Still from Interior New York Subway, 18th St. to 42nd St.

The name G.W. “Billy” Bitzer belongs on anyone’s short list of the greatest cinematographers of all time. A true innovator, even a genius, in his field, Bitzer shot over a thousand movies between 1896 (the very dawn of the motion-picture medium) and his retirement during the early sound era in 1933. Among his considerable achievements are shooting virtually all of the major masterpieces of D.W. Griffith, including A Corner in Wheat (1909), The Musketeers of Pig Alley (1912), The Birth of a Nation (1915), Intolerance: Love’s Struggle Through the Ages (1916), Broken Blossoms or The Yellow Man and the Girl (1919), True Heart Susie (1919), Way Down East (1920) and Orphans of the Storm (1921). Among the cinematographic innovations he is credited with creating and/or popularizing are illuminating a film set through artificial lighting (as opposed to using sunlight as was customary with early cinema), as well as the use of backlighting, close-ups, fade-outs, lap dissolves, soft-focus photography and tracking shots.
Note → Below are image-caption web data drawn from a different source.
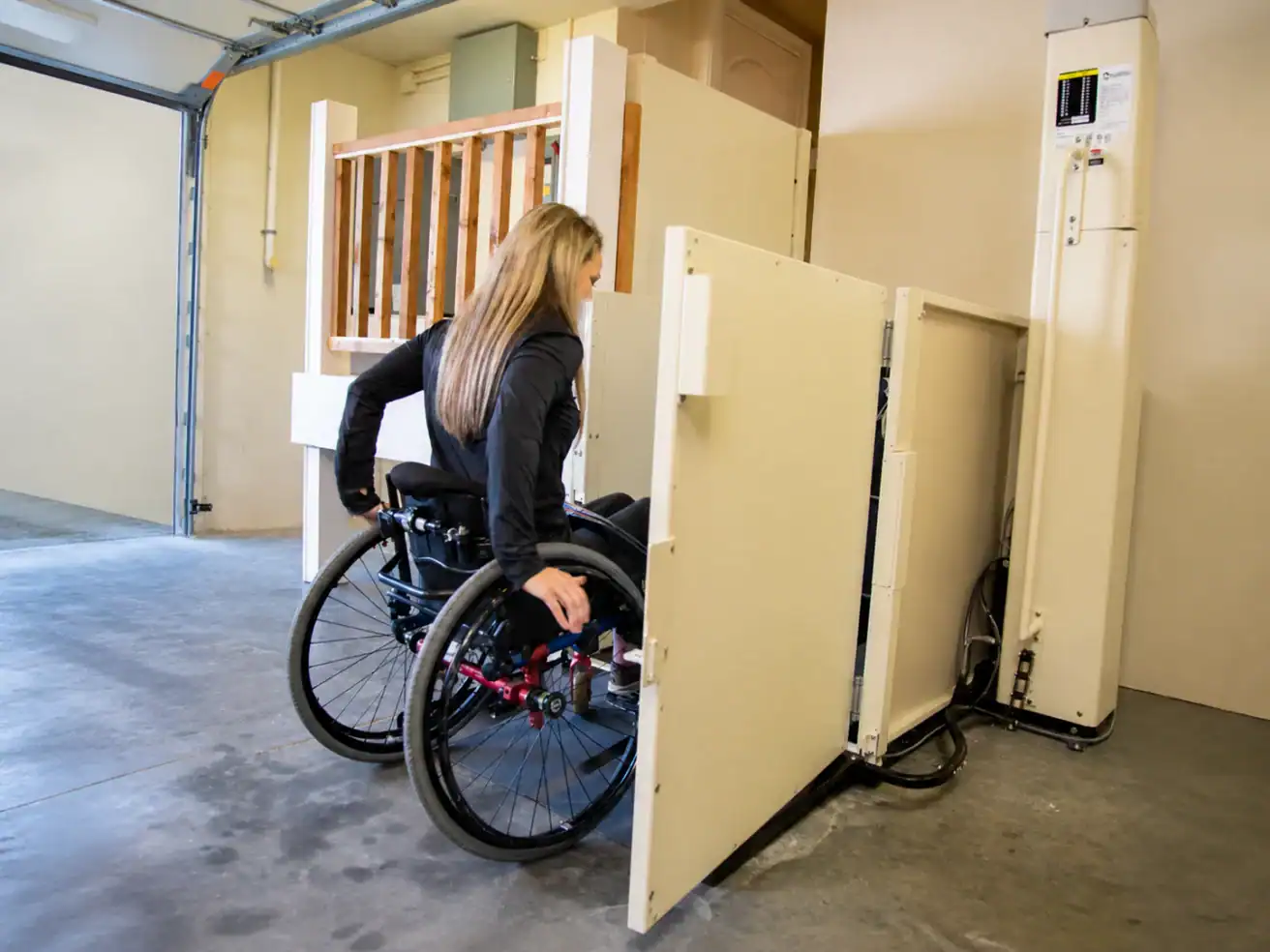 A woman in a wheelchair uses a vertical platform lift in a garage or indoor setting.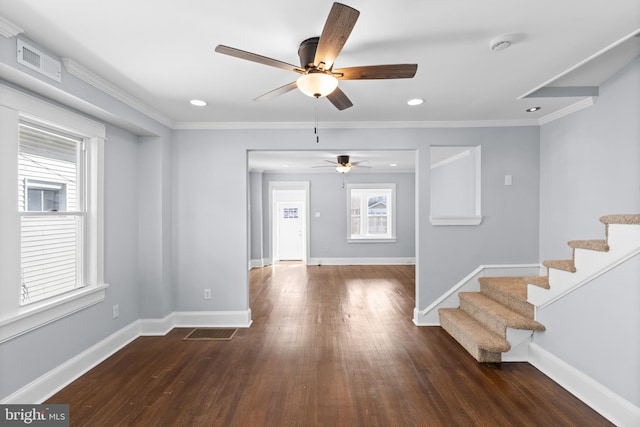 foyer featuring ceiling fan, plenty of natural light, dark hardwood / wood-style floors, and ornamental molding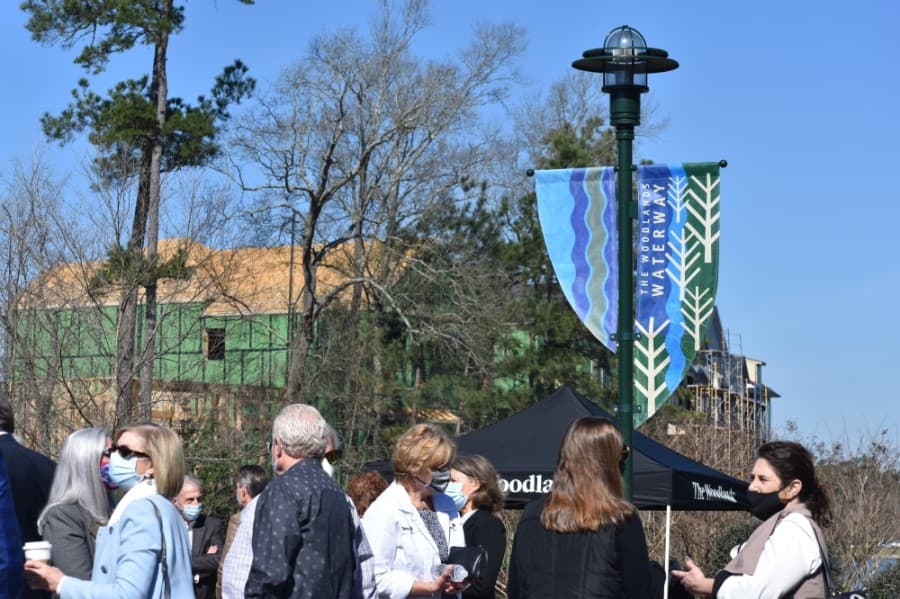 Area officials gathered at The Woodlands Waterway on March 8 to dedicate a pedestrian bridge to Robert Heineman. (Vanessa Holt/Community Impact Newspaper)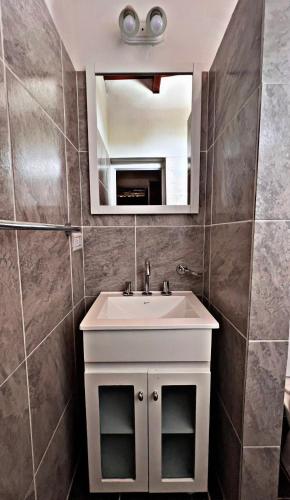 a bathroom with a white sink and a mirror at Departamento Olmos in Mina Clavero
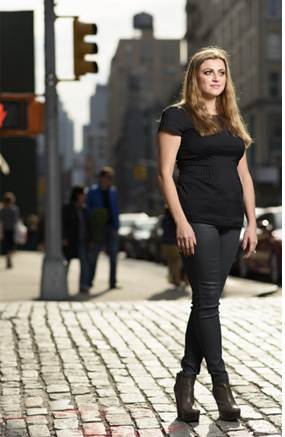 Dr. Yungelson poses in all black and high heels on a brick road, unknown Manhattan street in background.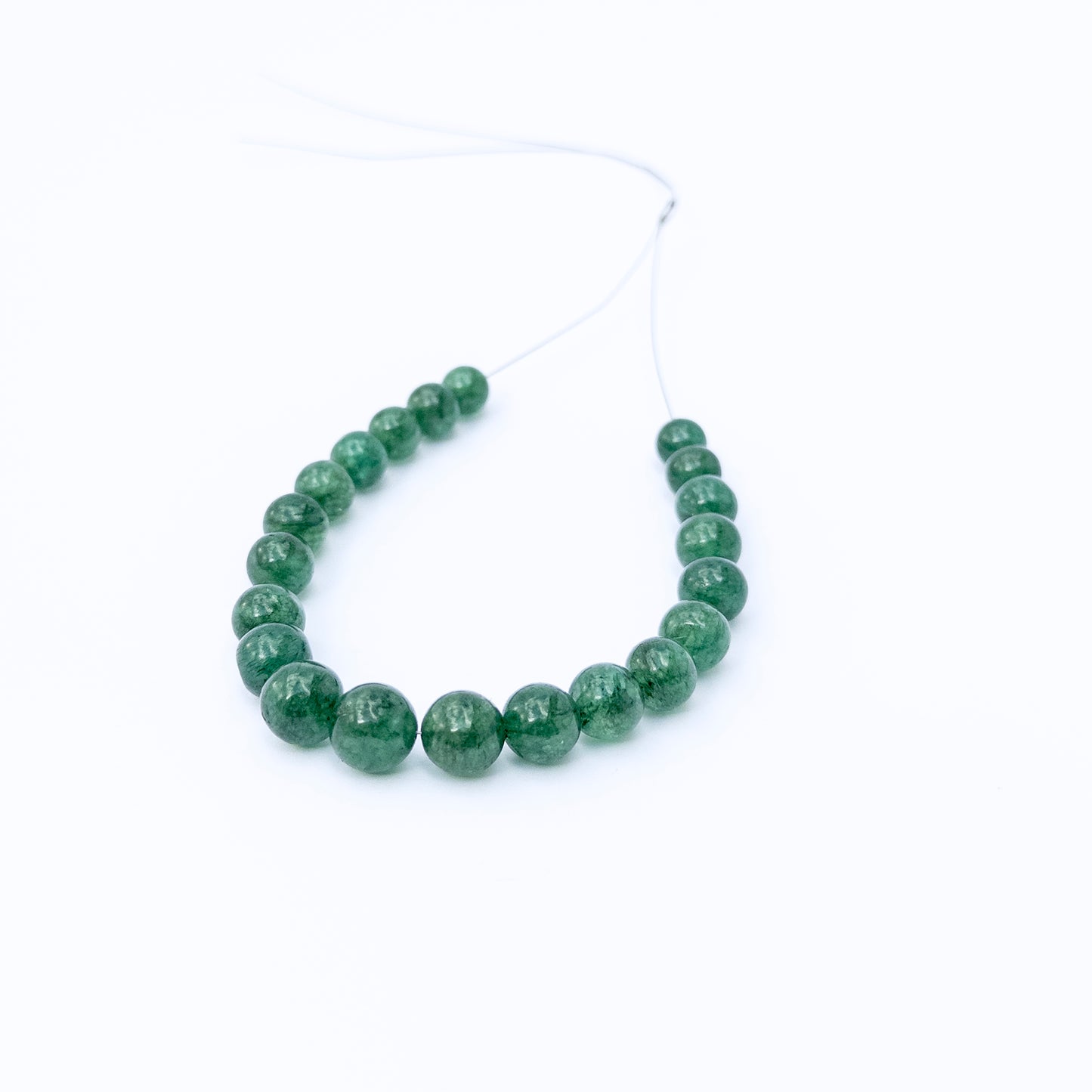 Emerald smooth round gemstone beads arranged in a strand, showcasing rich green tones and polished shine.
Less well-known is that Billy Bitzer also directed seven movies himself between 1896 and 1907 (the last of which was D.W. Griffith’s first film, The Adventures of Dolly, on which Bitzer served as both director of photography and uncredited co-director). Most of Bitzer’s directorial credits were for “actualities,” early, short documentaries where the line between cinematographer and director was oftentimes blurred. Among Bitzer’s short filmography as director, however, one film stands tall as a masterpiece of its era: Interior New York Subway, 18th St. to 42nd St. (sometimes also referred to by the abbreviated title New York Subway).

billy G.W. “Billy” Bitzer in an undated publicity still from later in his career

Interior New York Subway, 18th St. to 42nd St. is a movie as interesting for how it was made as for what it depicts. It is a nearly five and a half minute short film consisting of a single unbroken tracking shot in which Bitzer photographs a New York City subway car from behind as it travels from the 18th Street station to its destination of Grand Central. The film was shot on May 21 of 1905 and, ingeniously, Bitzer illuminated the subway’s dark interior by setting up artificial lights on another train running on a track parallel to the one he was photographing. (The train with the lights can be glimpsed twice during the film, on the left side of the frame: first in the opening moments and again at around the 3:45 mark on the video I’ve included below.) Anyone who has ever ridden the New York subway will marvel at how little its interiors have changed in the past 109 years when watching this movie today. Although Interior New York Subway, 18th St. to 42nd St. is a good example of the popular early film genre known as the “phantom ride” (where a camera was mounted onto a forward-moving vehicle), its highest point of interest today is probably the climactic moment when the train pulls into Grand Central station and comes to a full stop. After witnessing a subway ride that feels like it could be occurring at any time anywhere in the world for approximately five unedited minutes, the camera dramatically pans left and the viewer is suddenly thrust into the New York City of the early 20th century, only months, in fact, after its subway had first opened. It is shocking to see how the passengers all appear exceedingly well dressed: the women wear dresses and hats with flowers in them, the men wear suits and bowler hats, flat-brimmed straw hats and even top hats. Poignantly, several of the men, women and children on the platform stop and stare directly into Bitzer’s camera. It is an unforgettable and precious time capsule, captured through a remarkable feat of engineering by one of the cinema’s great early stylists.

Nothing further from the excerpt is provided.